A posição tomada por Wilson Braga na sucessão presidencial, ficando na contramão da História, tinha antecedentes de desentendimento dele com Tancredo Neves. Logo após o pleito de 1982, em que ambos foram eleitos governadores da Paraíba e de Minas Gerais, Tancredo ironizou o PDS como partido nordestino, aludindo ao fato de que a agremiação de sustentação política do regime militar só havia ganho eleições de governadores em Estados do Nordeste, onde ainda imperavam os derradeiros sinais de currais eleitorais mantidos por oligarquias tradicionais, acostumadas ao voto de cabresto, de bico de pena. O PMDB, a que Tancredo era filiado, vitoriou nos Estados mais expressivos do Produto Interno Bruto Nacional, de Minas Gerais a Goiás. Wilson, em resposta a Tancredo Neves, chamou Minas Gerais de gigolô da economia nordestina, pois suga riquezas da região e não lhe dá nada em troca.

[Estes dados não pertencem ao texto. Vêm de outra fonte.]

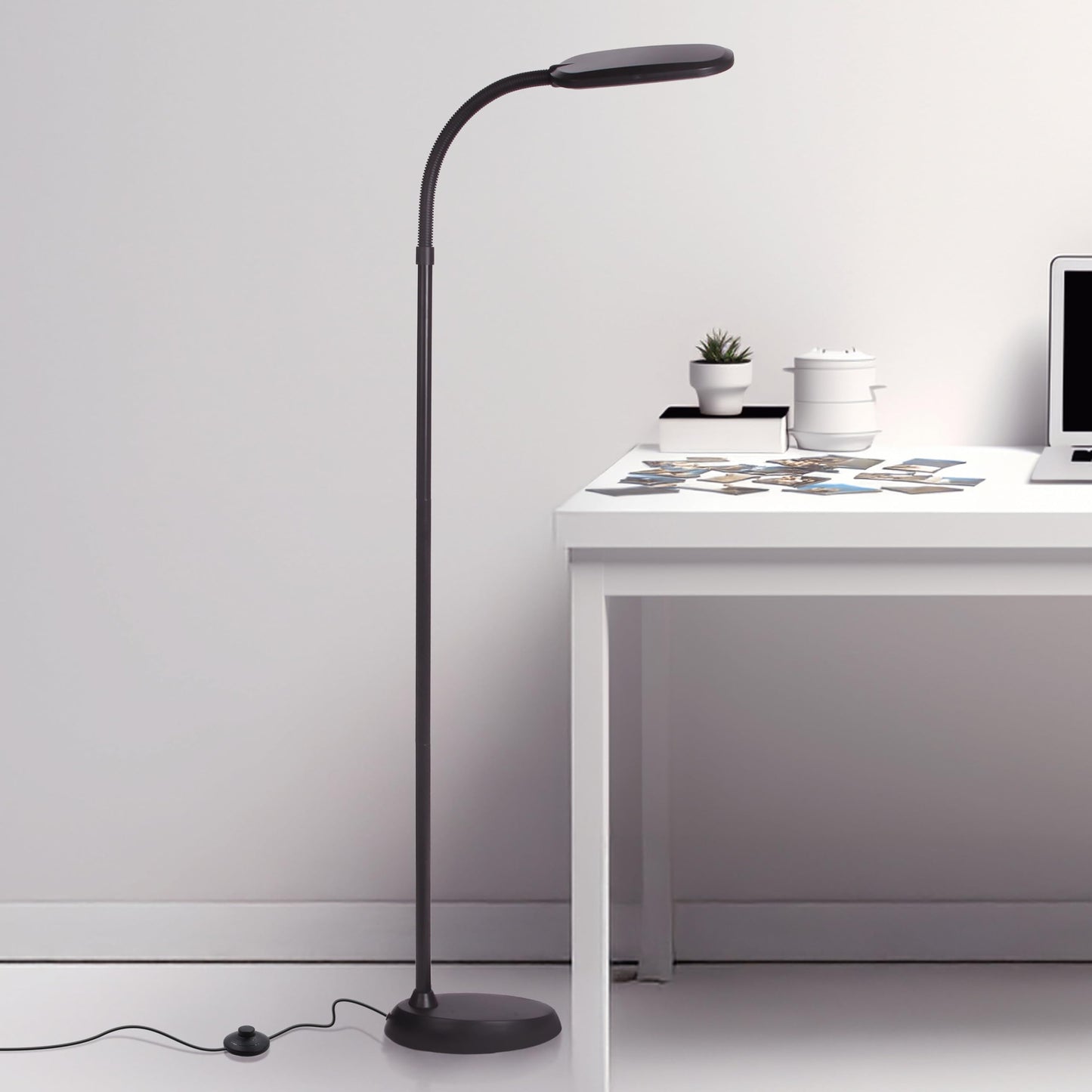 Brightech Litespan Slim LED Floor Lamp, Adjustable Gooseneck, Dimmable, Jet Black, Model LTSPAN-CLRS-BK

O governador paraibano, numa declaração que foi repercutida na mídia nacional, em jornais influentes como O Globo, O Estado de São Paulo, Folha de São Paulo e Jornal do Brasil, chegou a afirmar que durante uma próxima reunião do Conselho Deliberativo da Sudene iria propor a exclusão de Minas Gerais dos quadros daquela agência de desenvolvimento. Uma parte do Estado de Minas, como se sabe, fica situada no chamado Polígono das Secas, o que justificou a aceitação da participação das Alterosas entre os Estados-membros da Sudene. A ameaça deWilson Braga, na verdade, constituiu-se em bravata ele nunca chegou a levar à frente qualquer articulação para excluir Minas da Sudene, até por saber que a tese não era simpática a outros governadores. Por outro lado, o espírito conciliador que era inseparável da personalidade do líder mineiro desarmava qualquer objeção a ele ou ao povo que representava e que é conhecido pelo espírito hospitaleiro. A posição tomada por Wilson, ficando com Maluf contra Tancredo, tisnou a sua biografia política, dentro e fora do Estado. Curiosamente, foi uma postura quase similar à do Partido dos Trabalhadores, que por radicalismo ou xiitismo, deliberou não ir ao Colégio Eleitoral. A diferença foi que o PT não apoiou oficialmente Tancredo, mas nem de longe insinuou simpatia pela candidatura de Paulo Maluf, que foi recebido na Paraíba de braços abertos por Wilson Braga.